But in April 2016, the lawsuit says, Gelb “unilaterally forced Levine to step down as music director.” The lawsuit accuses the Met of issuing a public statement in Levine’s name that “suggested that Levine agreed with the decision to stop serving as music director, even though Levine emphatically disagreed.” As Levine’s health showed signs of improvement, he continued to conduct, and was given high-profile assignments by Gelb.

Last December, after the Met suspended Levine and launched an investigation into accusations of sexual abuse that had appeared in articles in The Times and The New York Post, Levine’s lawyers sent a letter to Ann Ziff, the chairman of the Met’s board. The suit says the letter denied the allegations and demanded that the Met lift his suspension and allow him to conduct the remaining performances he had been scheduled to lead this season. Levine claims he did not get a response. The relationship that is now shattered began decades ago. Gelb, who was an usher at the Met when he was a teenager, worked with Levine as a producer of the Met’s telecasts in the 1980s. Both men were greatly influenced by Ronald A. Wilford, who was Levine’s powerful manager as well as a mentor and former employer of Gelb’s. (He died in June 2015 at 87.)

Gelb became the Met’s general manager in 2006, and arrived as a change agent at the company Levine had guided for decades.
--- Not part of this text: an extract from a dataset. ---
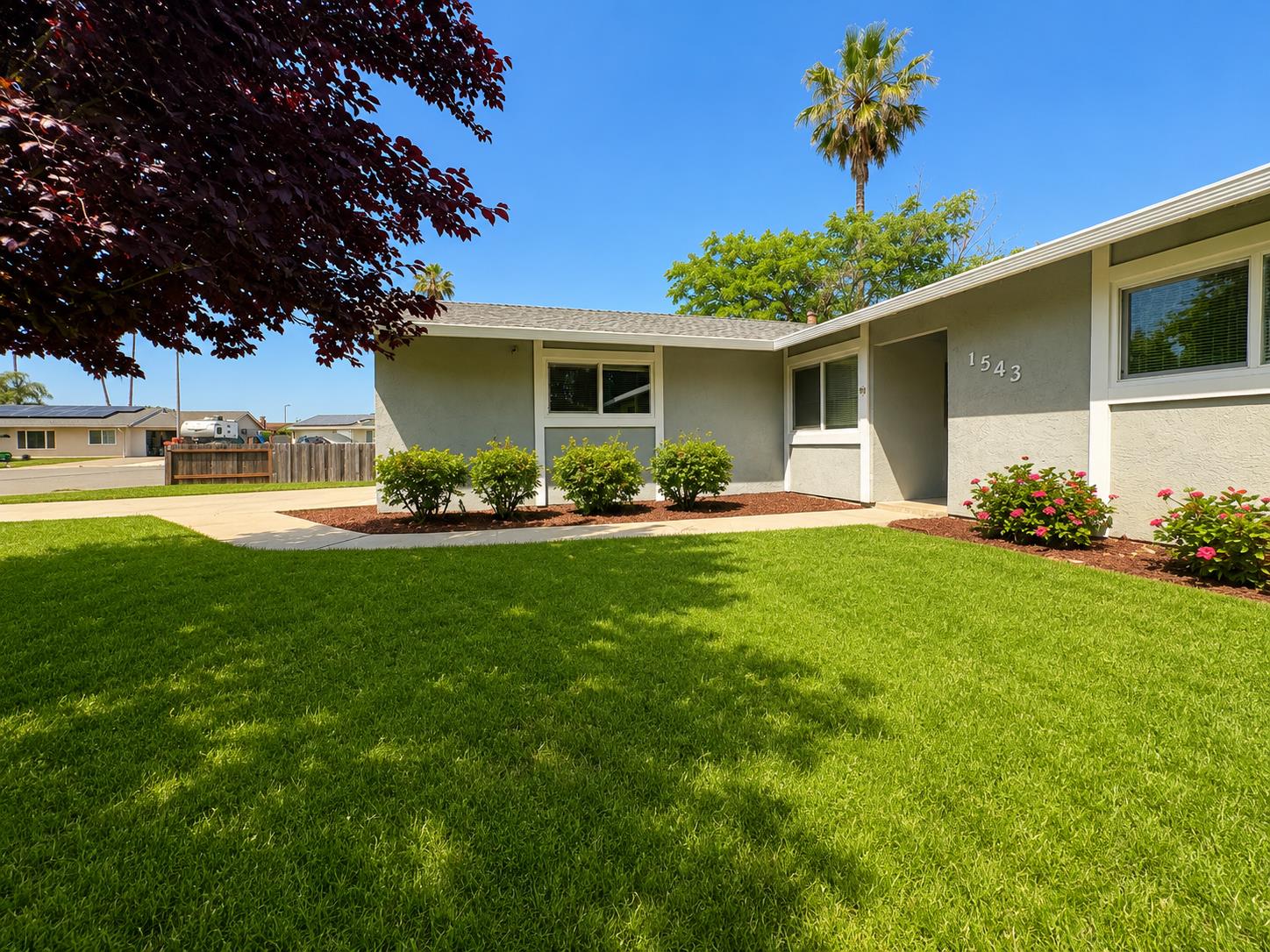 1543 John Place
He began staging works by composers Levine had previously shown little interest in; championing new and sometimes controversial production styles; and launching the Met’s “Live in HD” simulcasts to cinemas.

The suit charges that Gelb was trying to “create a Met in his own image, even though he had no artistic qualifications to do so,” and that Gelb had long wanted to “replace Levine with a younger conductor.” (Yannick Nézet-Séguin, 43, will become music director next season.)

The suit claims the Met had no right to terminate Levine “based on allegations of misconduct or wrongdoing by him, least of all for conduct that predates the agreements.” His contract did not contain a so-called “morals clause,” though Gockley, the impresario, said that such clauses are “totally standard” at many performing arts organizations.

Now the issue of whether Levine could be fired for what the Met called “sexually abusive and harassing conduct toward vulnerable artists in the early stages of their careers, over whom Levine had authority,” is headed for court.